WHAT THE EXERCISE ASKS. Print nothing except the line holding "Honda NTV 650" and the lines that come after it in the material below, and leave the pictures out.

EXTRACTED ENTRIES.
========================

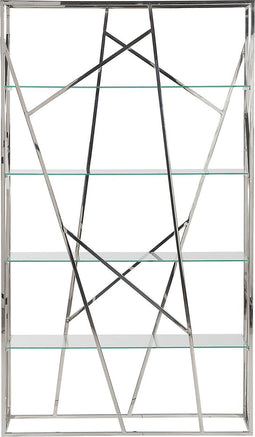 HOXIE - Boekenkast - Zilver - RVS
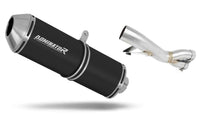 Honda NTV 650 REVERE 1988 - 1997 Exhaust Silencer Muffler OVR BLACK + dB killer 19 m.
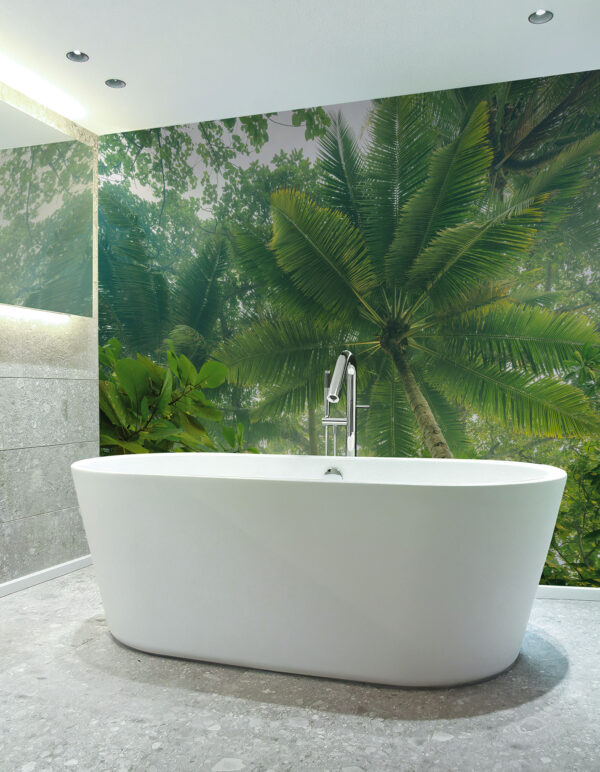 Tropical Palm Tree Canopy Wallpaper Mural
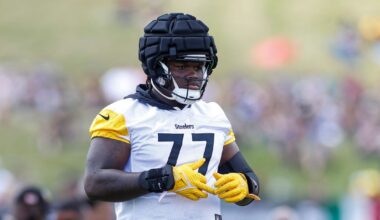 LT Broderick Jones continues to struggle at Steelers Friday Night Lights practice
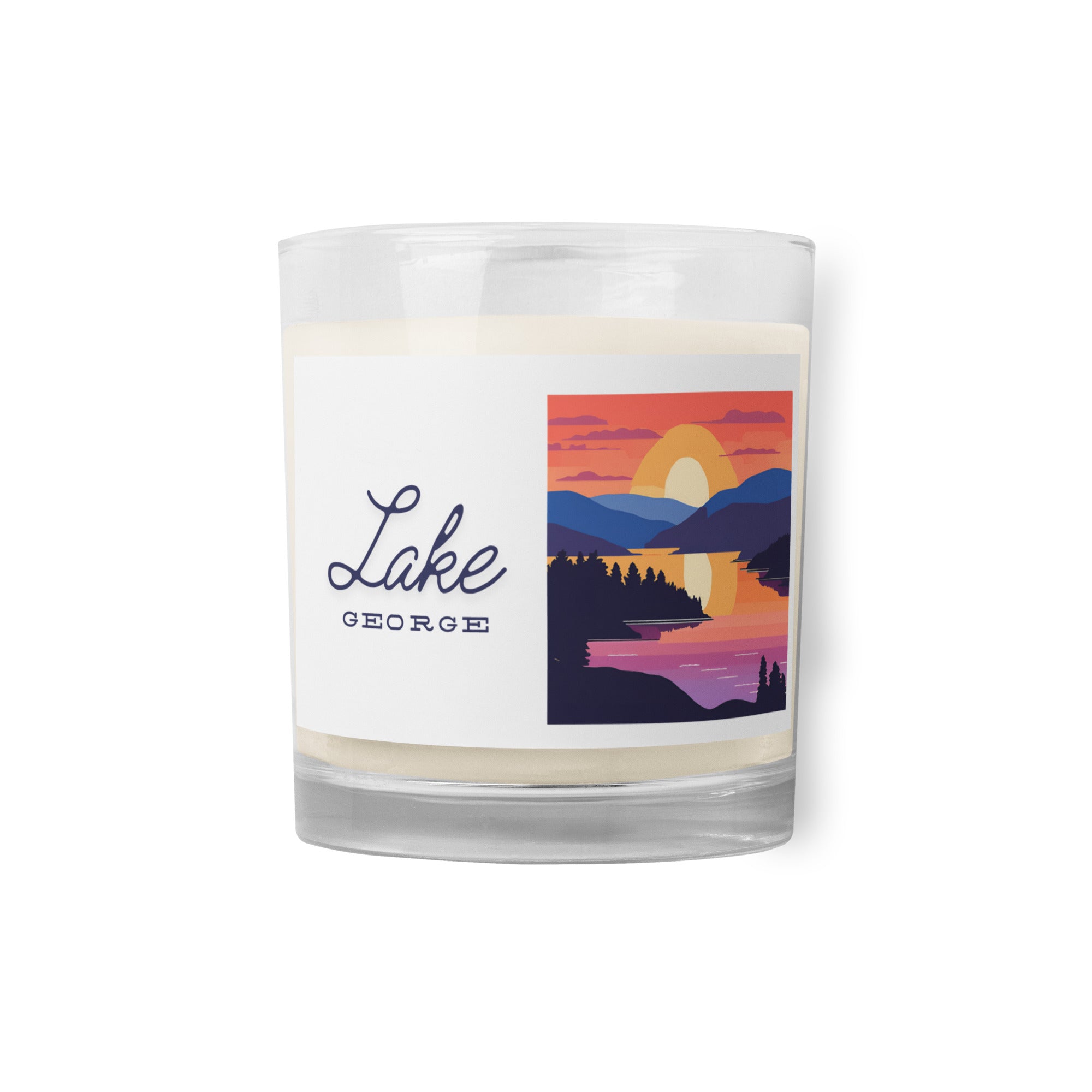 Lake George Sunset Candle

========================

RESPONSE TO THIS TASK.
 Honda NTV 650 REVERE 1988 - 1997 Exhaust Silencer Muffler OVR BLACK + dB killer 19 m.
 Tropical Palm Tree Canopy Wallpaper Mural
 LT Broderick Jones continues to struggle at Steelers Friday Night Lights practice
 Lake George Sunset Candle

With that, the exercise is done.